200日を超える長丁場となった第180国会が終わりました。
この国会で一番特筆すべきことは、社会保障と税の一体改革法案が成立したことだと思います。
この法案の成立は、我が党からすれば参議院選挙の公約にも掲げた従来の主張を実現し、また有権者に決まらない政治への苛立ちがある中で、ねじれ国会でも与野党協力して政策を進めるという一つの例を開いた意味で非常に大きなものでした。これは、野田総理が政治生命をかけると言いましたが、野党・自民党としても政治生命をかけた厳しい決断でありました。
他方、民主党の方からすればこの法案の成立によってやらないと言っていた消費増税をやる。加えて、マニフェストで約束していた社会保障の目玉政策は実現不可能になった。マニフェスト違反が明確になりました。その結果、民主党も分裂し、今の政権基盤の流動化、崩壊が起こったことも特筆すべきことでした。
様々なことからこの国会で浮き彫りになったのは、今の民主党政権の国政を遂行していく能力が完全に壁にぶつかっていることです。
まず内閣提出の法案の成立率が57.5%という前代未聞の低い数字であった。ここに政権担当能力の欠如が明白に表れていると思います。
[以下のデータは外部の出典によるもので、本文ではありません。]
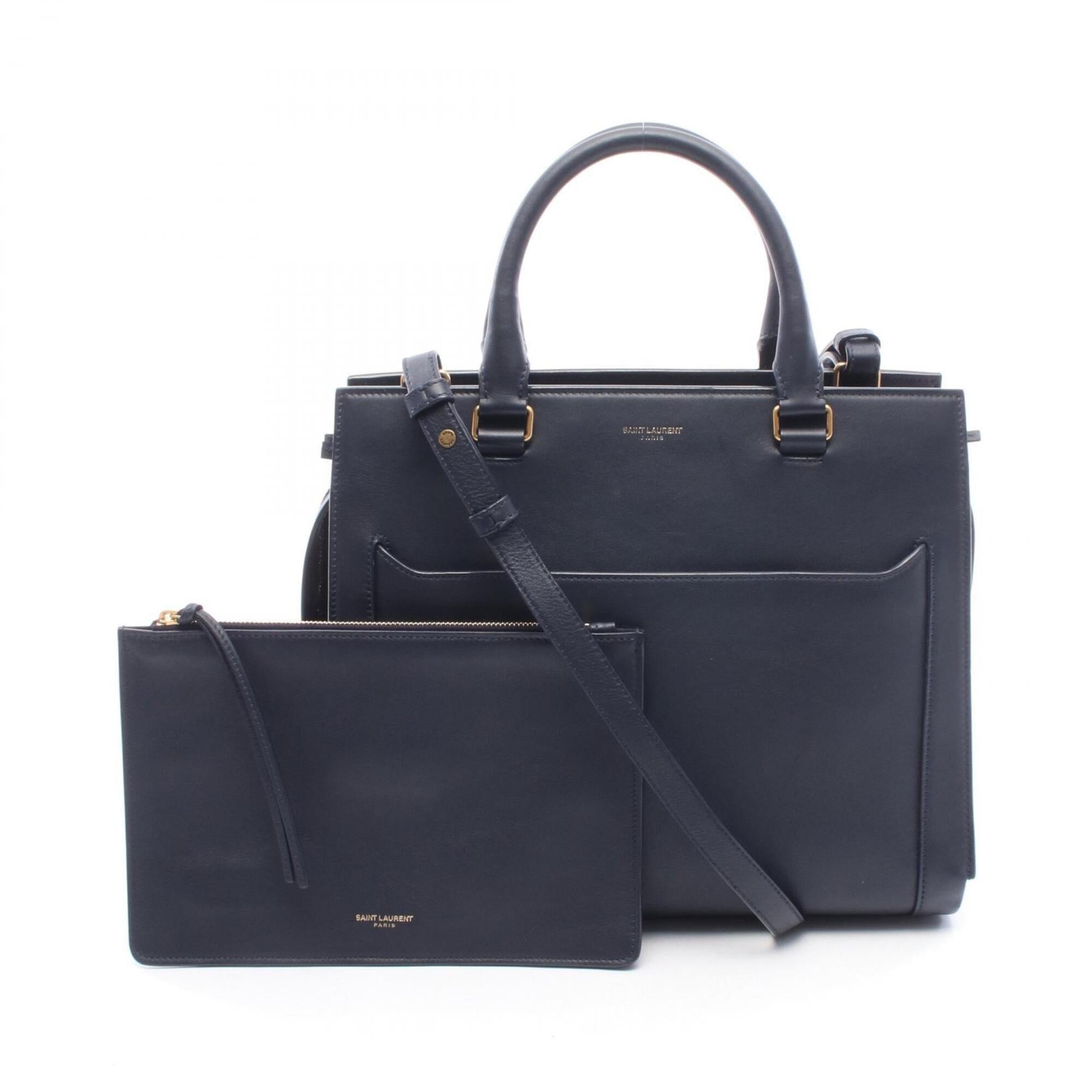 Yves Saint Laurent Navy Leather Handbag (Pre-Owned)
例えば、新しく原子力の安全性をしっかりと作り上げていこうと与野党で合意して原子力規制委員会が設置されました。そして政権は国会が閉じている間に行政権でこの規制委員会の人事を決めてしまおうとしているのです。しかし、このような規定は国会が開会していない時に人事上などの問題が起こった時に、活用すべく作られているのです。もう1か月以上前の会期中に人事案を国会に提出しておきながら、与党の中の混乱でこの人事を採決できないという事態を想定して作られたものではありません。ここに政府与党のグリップ力の欠如が隠し難い状況になっていると思います。
また、改めて詳しくは述べませんが、外交についても進めていく能力が限界に来ていることは明らかになっています。
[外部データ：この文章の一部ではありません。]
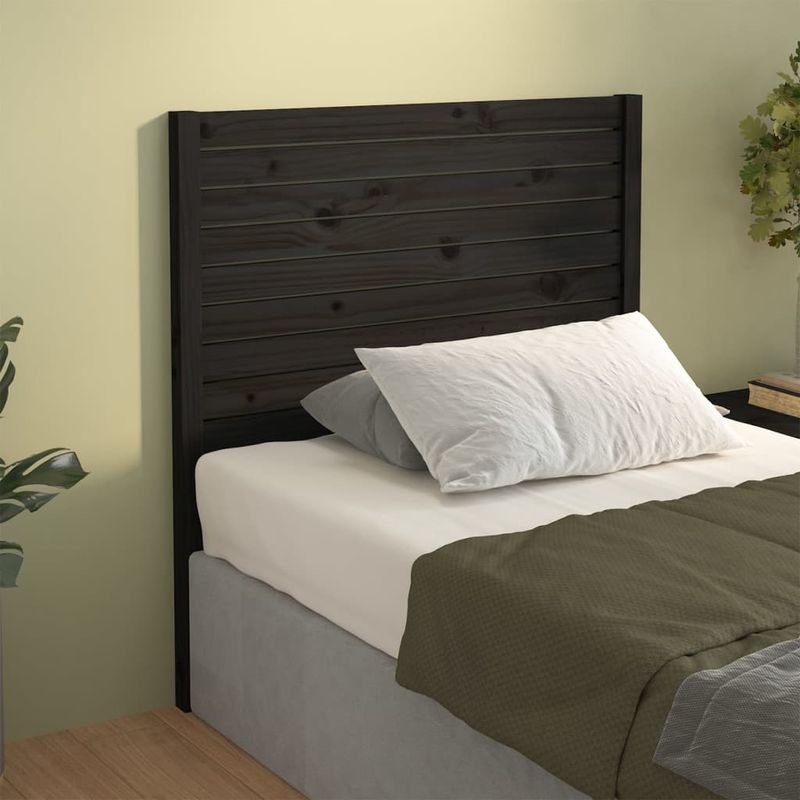 Casa si Gradina - Mobilier - Paturi si accesorii - Accesorii paturi - Tablie de pat, negru, 81x4x100 cm, lemn masiv de pin - Infinity.ro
他方、自民党は47本の議員立法を提出し、そのうち31本、66%が成立したのです。その中には、社会保障改革推進法、郵政民営化改正法、大都市地域特別区設置法、原子力規制委員会設置法等々がありますが、このような形で国民生活に遅滞をもたらさないように、野党としても決められる政治、決める政治を推進していったということです。
それから今国会、早期解散を獲得したということも明確に言わなければならないと思います。民主党が分裂をした。野田総理に対する問責も可決した。臨時国会での解散は不可避であります。単に問責があるから解散が不可避というのではなくて、今まで縷々指摘しています通り、我が国の政策を進めるための解散が必要になっている。新しい政治体制を作ることが必要になっているのです。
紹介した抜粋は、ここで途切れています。